M 393C Gibbs Measures & Random Graphs (54495)
Dr. Lewis Bowen
MWF 12 - 1pm
This course is on random processes (such as random walks, percolation, uniform spanning trees, the Ising model) on graphs, usually Cayley graphs of groups. The emphasis is on how geometry (or geometric group theory) plays a role in the qualitative aspects of the process. For example, amenable Cayley graphs admit at most one infinite Bernoulli percolation cluster, but non-amenable Cayley graphs can admit infinitely many.
Part of the course will consist of student lectures. I will provide additional materials and coaching to help students with their lectures.
Some useful (but not required) references include:
2) N. Alon and J. Spencer, The probabilistic method, 3rd Edition, Wiley, 2008.
3) Itai Benjamini and Oded Schramm. Percolation beyond Zd, many questions and a few answers [mr1423907]. In Selected works of Oded Schramm. Volume 1, 2, Sel. Works Probab. Stat., pages 679–690. Springer, New York, 2011.
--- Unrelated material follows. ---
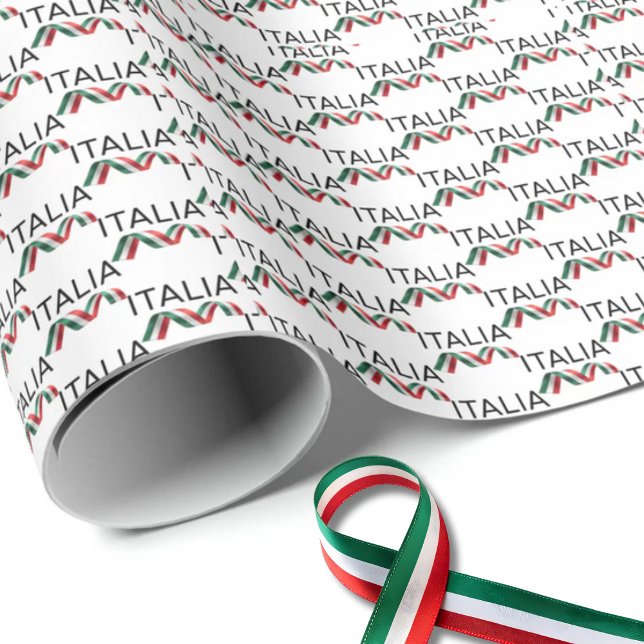Italia Lockig Band  Presentpapper (Italia Black San Serif with Flag of Italy Curly Ribbon Repeat Wrapping paper)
4) Itai Benjamini, Russell Lyons, Yuval Peres, and Oded Schramm. Uniform spanning forests. Ann. Probab., 29(1):1–65, 2001.
5) N. C. Wormald. Models of random regular graphs. In Surveys in combinatorics, 1999 (Canterbury), volume 267 of London Math. Soc. Lecture Note Ser., pages 239–298. Cambridge Univ. Press, Cambridge, 1999.
Basic knowledge of probability theory is necessary. No knowledge of amenability or geometric group theory will be assumed.